We have utilized outside sources of CNC technology for several years. We have hired CNC shops to cut molds for our fiberglass parts, joinery panels for our interior woodwork, aluminum electrical panels, foam core kits, hull-half models, tank testing models, and many, many more parts and pieces that go into the development and production of our boats. Now all this work can come in-house. “The benefits of having this new machine and capabilities benefit all LMB employees by making the yard more competitive in the marine marketplace and expands LMB’s business into other non-marine industries,” said Drew Lyman.
CNC technology works by sending Cartesian coordinates, generated by a computer to a milling machine or router which then cuts the corresponding shapes using any number of materials.
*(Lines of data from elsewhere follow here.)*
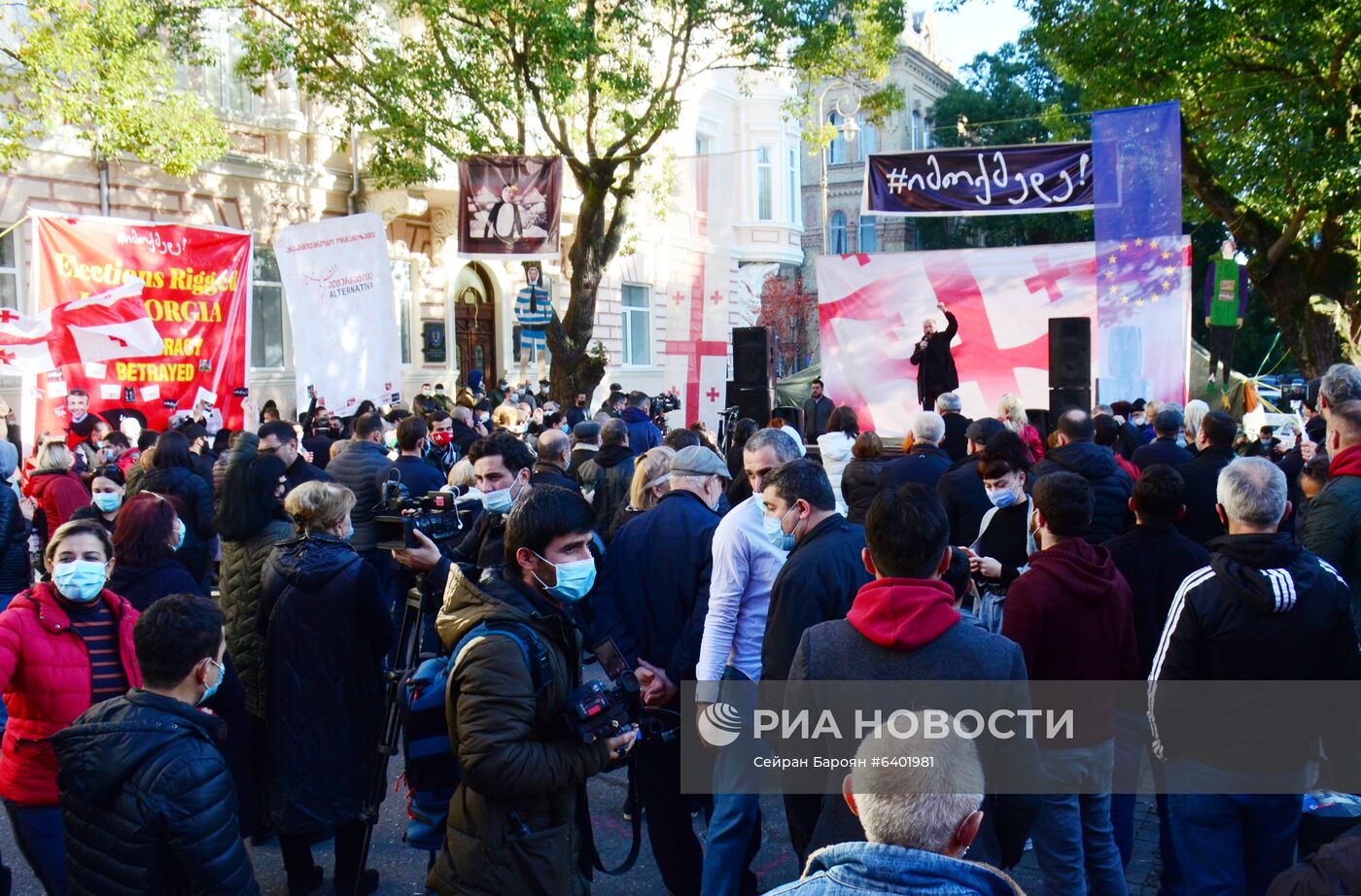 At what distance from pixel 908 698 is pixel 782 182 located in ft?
94.4

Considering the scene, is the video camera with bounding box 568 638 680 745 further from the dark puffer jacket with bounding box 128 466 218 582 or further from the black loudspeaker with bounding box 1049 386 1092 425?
the black loudspeaker with bounding box 1049 386 1092 425

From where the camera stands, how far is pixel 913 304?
1645 cm

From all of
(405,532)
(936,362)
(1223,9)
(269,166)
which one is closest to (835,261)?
(936,362)

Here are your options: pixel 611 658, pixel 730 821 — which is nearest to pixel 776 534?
pixel 611 658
The precision attainable with these machines can be measured in thousandths of inches, and parts can be cut in a fraction of the time that is required when using manual cutting tools thus eliminating costly waste of materials and time.
Having this capability is an additional arrow in our quiver to bring not only the best boat building projects but other projects to Lyman-Morse. We will continue to supplement our primary boatbuilding and service business by offering our CNC services to other small businesses in a variety of industries. Our router will be the biggest CNC router north of Topsham and is capable of cutting heavier material than other routers in the mid-coast area.
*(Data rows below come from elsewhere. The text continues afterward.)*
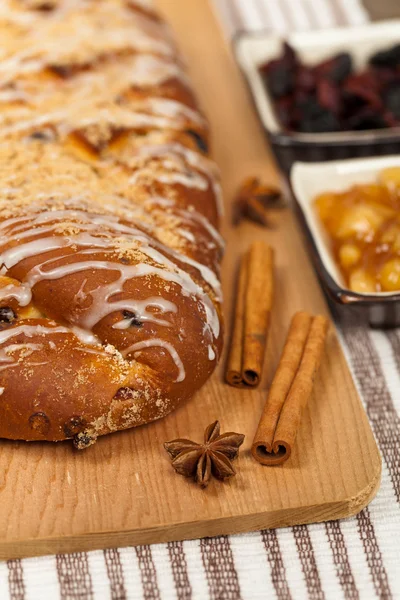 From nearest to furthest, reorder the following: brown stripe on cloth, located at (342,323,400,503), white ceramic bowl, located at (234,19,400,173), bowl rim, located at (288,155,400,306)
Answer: brown stripe on cloth, located at (342,323,400,503) → bowl rim, located at (288,155,400,306) → white ceramic bowl, located at (234,19,400,173)

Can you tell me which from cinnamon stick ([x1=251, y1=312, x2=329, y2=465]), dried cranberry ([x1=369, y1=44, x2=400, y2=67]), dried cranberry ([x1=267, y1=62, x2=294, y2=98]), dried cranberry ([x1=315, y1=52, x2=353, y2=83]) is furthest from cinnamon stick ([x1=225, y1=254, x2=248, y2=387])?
dried cranberry ([x1=369, y1=44, x2=400, y2=67])

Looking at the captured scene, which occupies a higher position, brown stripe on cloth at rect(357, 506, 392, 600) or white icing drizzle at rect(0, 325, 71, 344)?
white icing drizzle at rect(0, 325, 71, 344)

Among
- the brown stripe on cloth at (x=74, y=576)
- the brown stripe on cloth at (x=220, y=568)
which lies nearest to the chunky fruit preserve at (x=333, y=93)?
the brown stripe on cloth at (x=220, y=568)

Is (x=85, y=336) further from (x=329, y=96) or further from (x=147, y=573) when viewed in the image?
(x=329, y=96)

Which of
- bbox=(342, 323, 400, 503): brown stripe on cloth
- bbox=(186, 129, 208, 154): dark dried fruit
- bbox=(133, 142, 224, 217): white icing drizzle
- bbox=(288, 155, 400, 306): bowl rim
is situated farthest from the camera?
bbox=(186, 129, 208, 154): dark dried fruit

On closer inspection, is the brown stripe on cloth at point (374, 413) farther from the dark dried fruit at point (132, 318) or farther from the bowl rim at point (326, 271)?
the dark dried fruit at point (132, 318)

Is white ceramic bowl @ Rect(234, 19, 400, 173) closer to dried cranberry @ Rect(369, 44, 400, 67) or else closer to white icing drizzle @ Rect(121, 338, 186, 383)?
dried cranberry @ Rect(369, 44, 400, 67) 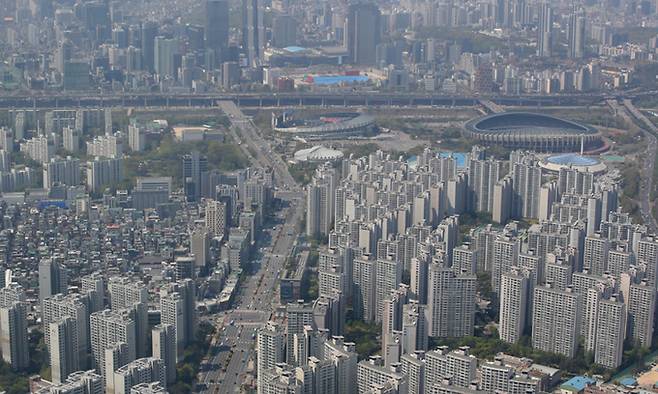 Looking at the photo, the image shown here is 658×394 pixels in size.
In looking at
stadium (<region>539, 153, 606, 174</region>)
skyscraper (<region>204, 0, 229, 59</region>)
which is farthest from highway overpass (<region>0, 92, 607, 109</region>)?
stadium (<region>539, 153, 606, 174</region>)

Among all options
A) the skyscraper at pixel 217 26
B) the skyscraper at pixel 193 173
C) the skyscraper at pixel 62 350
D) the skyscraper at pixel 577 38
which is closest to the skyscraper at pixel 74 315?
the skyscraper at pixel 62 350

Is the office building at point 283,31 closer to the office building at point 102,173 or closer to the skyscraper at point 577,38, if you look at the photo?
the skyscraper at point 577,38

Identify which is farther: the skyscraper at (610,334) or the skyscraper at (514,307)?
the skyscraper at (514,307)

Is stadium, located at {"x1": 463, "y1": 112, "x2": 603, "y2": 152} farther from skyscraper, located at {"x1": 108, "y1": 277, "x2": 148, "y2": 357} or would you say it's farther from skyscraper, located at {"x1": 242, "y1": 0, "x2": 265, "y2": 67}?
skyscraper, located at {"x1": 108, "y1": 277, "x2": 148, "y2": 357}

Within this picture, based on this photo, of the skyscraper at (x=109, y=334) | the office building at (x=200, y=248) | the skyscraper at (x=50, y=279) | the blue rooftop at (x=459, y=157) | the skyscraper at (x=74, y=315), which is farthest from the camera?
the blue rooftop at (x=459, y=157)

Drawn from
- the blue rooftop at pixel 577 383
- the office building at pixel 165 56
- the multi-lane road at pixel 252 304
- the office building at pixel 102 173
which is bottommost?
the blue rooftop at pixel 577 383

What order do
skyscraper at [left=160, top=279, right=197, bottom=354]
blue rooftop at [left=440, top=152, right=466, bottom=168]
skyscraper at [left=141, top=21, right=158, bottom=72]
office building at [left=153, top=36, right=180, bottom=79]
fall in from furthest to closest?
1. skyscraper at [left=141, top=21, right=158, bottom=72]
2. office building at [left=153, top=36, right=180, bottom=79]
3. blue rooftop at [left=440, top=152, right=466, bottom=168]
4. skyscraper at [left=160, top=279, right=197, bottom=354]

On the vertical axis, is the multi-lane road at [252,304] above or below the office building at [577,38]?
→ below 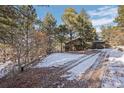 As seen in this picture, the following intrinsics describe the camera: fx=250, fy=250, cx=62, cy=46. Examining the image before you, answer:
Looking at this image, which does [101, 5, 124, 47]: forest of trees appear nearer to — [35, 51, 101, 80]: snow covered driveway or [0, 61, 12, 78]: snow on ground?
A: [35, 51, 101, 80]: snow covered driveway

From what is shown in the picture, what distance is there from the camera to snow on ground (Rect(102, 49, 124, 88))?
4.23 meters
Over the course of the next year, we will insert CNC technology directly into every possible part of our manufacturing process. Our project managers are identifying all parts and pieces on our boats that would benefit from CNC machining. Although a great deal of our construction process involves the careful craftsmanship of our carpenters, much of their time and talent is wasted making cuts that do not require the “human touch”. We plan to funnel more work into our CNC department who will oversee Gretchen and the production of numerous parts that can be cut and stored for future projects.